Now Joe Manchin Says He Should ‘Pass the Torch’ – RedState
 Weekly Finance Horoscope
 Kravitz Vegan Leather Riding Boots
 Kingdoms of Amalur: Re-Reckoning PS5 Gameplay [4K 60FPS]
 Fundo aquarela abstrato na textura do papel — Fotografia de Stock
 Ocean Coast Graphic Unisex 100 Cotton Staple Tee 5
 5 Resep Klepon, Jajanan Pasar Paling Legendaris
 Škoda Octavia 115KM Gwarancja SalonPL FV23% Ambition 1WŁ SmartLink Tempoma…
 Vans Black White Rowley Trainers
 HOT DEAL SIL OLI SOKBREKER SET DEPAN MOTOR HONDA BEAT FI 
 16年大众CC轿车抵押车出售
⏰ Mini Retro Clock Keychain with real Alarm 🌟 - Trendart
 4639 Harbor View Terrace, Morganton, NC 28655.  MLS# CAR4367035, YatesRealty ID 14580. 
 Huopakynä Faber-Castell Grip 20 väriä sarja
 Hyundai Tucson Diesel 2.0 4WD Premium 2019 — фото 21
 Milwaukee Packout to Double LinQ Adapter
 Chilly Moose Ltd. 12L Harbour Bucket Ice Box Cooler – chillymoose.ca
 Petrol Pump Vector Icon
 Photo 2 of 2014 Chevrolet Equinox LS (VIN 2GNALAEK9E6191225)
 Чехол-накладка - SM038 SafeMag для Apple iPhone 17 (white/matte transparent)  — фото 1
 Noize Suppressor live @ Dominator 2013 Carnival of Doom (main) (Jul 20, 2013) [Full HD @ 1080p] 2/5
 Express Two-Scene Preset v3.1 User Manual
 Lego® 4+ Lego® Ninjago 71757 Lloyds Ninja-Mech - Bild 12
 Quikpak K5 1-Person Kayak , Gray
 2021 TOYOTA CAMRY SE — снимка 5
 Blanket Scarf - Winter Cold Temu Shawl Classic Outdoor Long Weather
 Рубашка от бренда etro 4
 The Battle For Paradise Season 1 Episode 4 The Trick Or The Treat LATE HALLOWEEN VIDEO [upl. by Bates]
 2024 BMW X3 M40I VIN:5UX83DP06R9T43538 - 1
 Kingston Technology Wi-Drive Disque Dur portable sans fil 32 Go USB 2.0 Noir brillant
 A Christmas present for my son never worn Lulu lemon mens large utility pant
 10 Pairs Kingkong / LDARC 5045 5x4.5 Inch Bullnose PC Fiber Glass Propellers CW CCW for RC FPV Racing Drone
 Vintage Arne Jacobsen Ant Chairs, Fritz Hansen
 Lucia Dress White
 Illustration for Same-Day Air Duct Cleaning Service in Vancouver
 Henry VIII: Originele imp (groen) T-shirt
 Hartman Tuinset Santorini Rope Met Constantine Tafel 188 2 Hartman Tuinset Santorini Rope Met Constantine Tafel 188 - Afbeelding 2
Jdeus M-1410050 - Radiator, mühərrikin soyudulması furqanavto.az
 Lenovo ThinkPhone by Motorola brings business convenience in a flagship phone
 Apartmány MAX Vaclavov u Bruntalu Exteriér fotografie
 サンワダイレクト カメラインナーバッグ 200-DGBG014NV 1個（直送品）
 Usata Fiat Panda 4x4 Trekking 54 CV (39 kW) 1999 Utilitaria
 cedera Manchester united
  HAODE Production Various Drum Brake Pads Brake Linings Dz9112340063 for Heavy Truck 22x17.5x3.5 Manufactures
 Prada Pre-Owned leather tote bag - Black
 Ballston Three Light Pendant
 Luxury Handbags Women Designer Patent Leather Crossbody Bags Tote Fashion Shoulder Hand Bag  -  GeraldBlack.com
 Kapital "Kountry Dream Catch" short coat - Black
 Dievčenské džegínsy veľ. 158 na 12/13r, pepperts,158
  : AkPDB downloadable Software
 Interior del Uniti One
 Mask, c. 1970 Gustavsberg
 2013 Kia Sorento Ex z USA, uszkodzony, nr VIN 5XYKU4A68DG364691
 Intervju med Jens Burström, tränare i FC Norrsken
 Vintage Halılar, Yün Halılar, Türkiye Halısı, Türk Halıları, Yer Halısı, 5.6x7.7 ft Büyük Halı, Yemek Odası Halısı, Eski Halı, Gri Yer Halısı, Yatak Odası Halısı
++++++++
Prompt » Leaving every word in place, output the whole listing above.

Output »
Now Joe Manchin Says He Should ‘Pass the Torch’ – RedState
 Weekly Finance Horoscope
 Kravitz Vegan Leather Riding Boots
 Kingdoms of Amalur: Re-Reckoning PS5 Gameplay [4K 60FPS]
 Fundo aquarela abstrato na textura do papel — Fotografia de Stock
 Ocean Coast Graphic Unisex 100 Cotton Staple Tee 5
 5 Resep Klepon, Jajanan Pasar Paling Legendaris
 Škoda Octavia 115KM Gwarancja SalonPL FV23% Ambition 1WŁ SmartLink Tempoma…
 Vans Black White Rowley Trainers
 HOT DEAL SIL OLI SOKBREKER SET DEPAN MOTOR HONDA BEAT FI 
 16年大众CC轿车抵押车出售
⏰ Mini Retro Clock Keychain with real Alarm 🌟 - Trendart
 4639 Harbor View Terrace, Morganton, NC 28655.  MLS# CAR4367035, YatesRealty ID 14580. 
 Huopakynä Faber-Castell Grip 20 väriä sarja
 Hyundai Tucson Diesel 2.0 4WD Premium 2019 — фото 21
 Milwaukee Packout to Double LinQ Adapter
 Chilly Moose Ltd. 12L Harbour Bucket Ice Box Cooler – chillymoose.ca
 Petrol Pump Vector Icon
 Photo 2 of 2014 Chevrolet Equinox LS (VIN 2GNALAEK9E6191225)
 Чехол-накладка - SM038 SafeMag для Apple iPhone 17 (white/matte transparent)  — фото 1
 Noize Suppressor live @ Dominator 2013 Carnival of Doom (main) (Jul 20, 2013) [Full HD @ 1080p] 2/5
 Express Two-Scene Preset v3.1 User Manual
 Lego® 4+ Lego® Ninjago 71757 Lloyds Ninja-Mech - Bild 12
 Quikpak K5 1-Person Kayak , Gray
 2021 TOYOTA CAMRY SE — снимка 5
 Blanket Scarf - Winter Cold Temu Shawl Classic Outdoor Long Weather
 Рубашка от бренда etro 4
 The Battle For Paradise Season 1 Episode 4 The Trick Or The Treat LATE HALLOWEEN VIDEO [upl. by Bates]
 2024 BMW X3 M40I VIN:5UX83DP06R9T43538 - 1
 Kingston Technology Wi-Drive Disque Dur portable sans fil 32 Go USB 2.0 Noir brillant
 A Christmas present for my son never worn Lulu lemon mens large utility pant
 10 Pairs Kingkong / LDARC 5045 5x4.5 Inch Bullnose PC Fiber Glass Propellers CW CCW for RC FPV Racing Drone
 Vintage Arne Jacobsen Ant Chairs, Fritz Hansen
 Lucia Dress White
 Illustration for Same-Day Air Duct Cleaning Service in Vancouver
 Henry VIII: Originele imp (groen) T-shirt
 Hartman Tuinset Santorini Rope Met Constantine Tafel 188 2 Hartman Tuinset Santorini Rope Met Constantine Tafel 188 - Afbeelding 2
Jdeus M-1410050 - Radiator, mühərrikin soyudulması furqanavto.az
 Lenovo ThinkPhone by Motorola brings business convenience in a flagship phone
 Apartmány MAX Vaclavov u Bruntalu Exteriér fotografie
 サンワダイレクト カメラインナーバッグ 200-DGBG014NV 1個（直送品）
 Usata Fiat Panda 4x4 Trekking 54 CV (39 kW) 1999 Utilitaria
 cedera Manchester united
  HAODE Production Various Drum Brake Pads Brake Linings Dz9112340063 for Heavy Truck 22x17.5x3.5 Manufactures
 Prada Pre-Owned leather tote bag - Black
 Ballston Three Light Pendant
 Luxury Handbags Women Designer Patent Leather Crossbody Bags Tote Fashion Shoulder Hand Bag  -  GeraldBlack.com
 Kapital "Kountry Dream Catch" short coat - Black
 Dievčenské džegínsy veľ. 158 na 12/13r, pepperts,158
  : AkPDB downloadable Software
 Interior del Uniti One
 Mask, c. 1970 Gustavsberg
 2013 Kia Sorento Ex z USA, uszkodzony, nr VIN 5XYKU4A68DG364691
 Intervju med Jens Burström, tränare i FC Norrsken
 Vintage Halılar, Yün Halılar, Türkiye Halısı, Türk Halıları, Yer Halısı, 5.6x7.7 ft Büyük Halı, Yemek Odası Halısı, Eski Halı, Gri Yer Halısı, Yatak Odası Halısı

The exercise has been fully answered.